Problem description:
Begin at the line that holds "We were asked" and retype every line through the end of the material, both included. Leave out the pictures.

Data section:
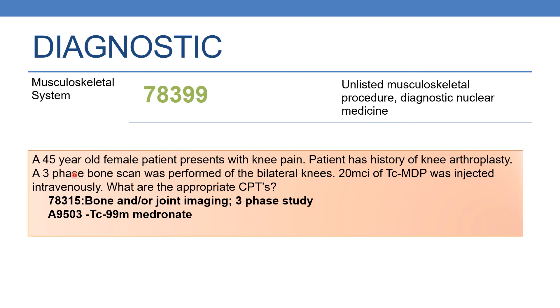Let us discuss an example. A 45-year-old female patient presents with knee pain and the patient has a history of knee arthroplasty. A three-phase bone scan was performed of the bilateral knees, and 20 MCI of TC-MDP, which is a radiopharmaceutical agent, was injected intravenously. The appropriate CPT is 78315, which is bone and/or joint imaging three-phase study. Additionally, HCPCS code A9503 should be included to indicate the radiopharmaceutical agent administered. Thank you for watching. Please subscribe for further videos on medical coding and CPC training.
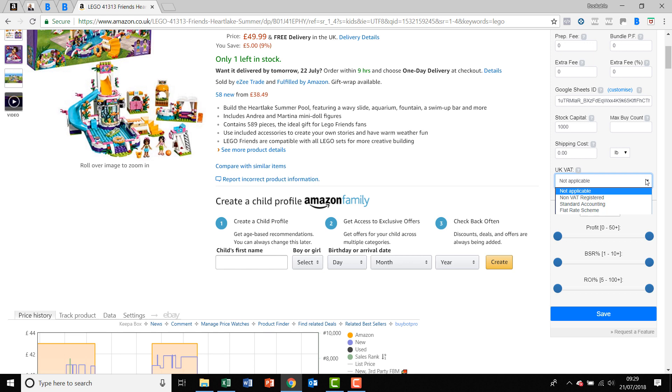At present, if you are based elsewhere in Europe and your products are stored elsewhere in Europe, then you need to use not applicable and work out your VAT separately. VAT being worked out for goods stored outside of the UK and for people registered for VAT outside of the UK will be coming in a later update. But at the moment this is for people based in the UK where their products are stored in the UK.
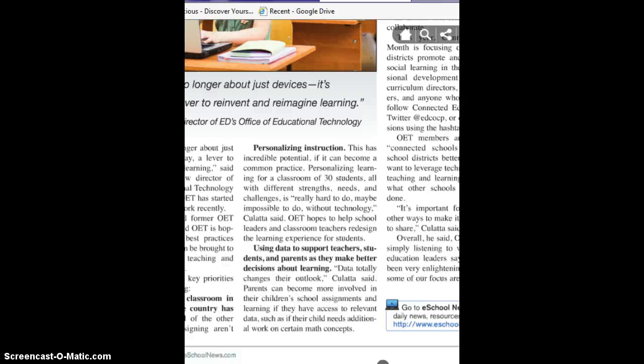We were asked this week to look at some of the trends for education and technology. One of the trends I definitely saw was that technology can be used for personalizing instruction.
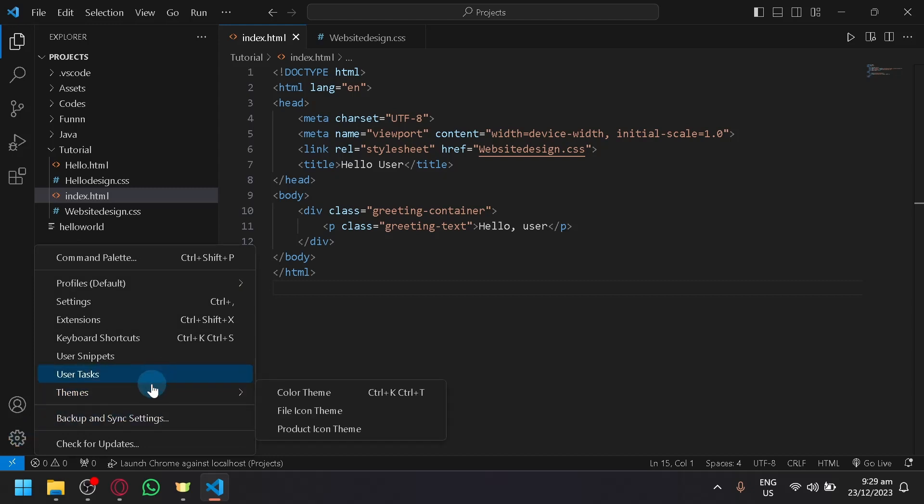If you hover over the themes, you will be able to change your color theme, your file icon theme, and product icon theme.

Result:
We were asked this week to look at some of the trends for education and technology. One of the trends I definitely saw was that technology can be used for personalizing instruction.
If you hover over the themes, you will be able to change your color theme, your file icon theme, and product icon theme.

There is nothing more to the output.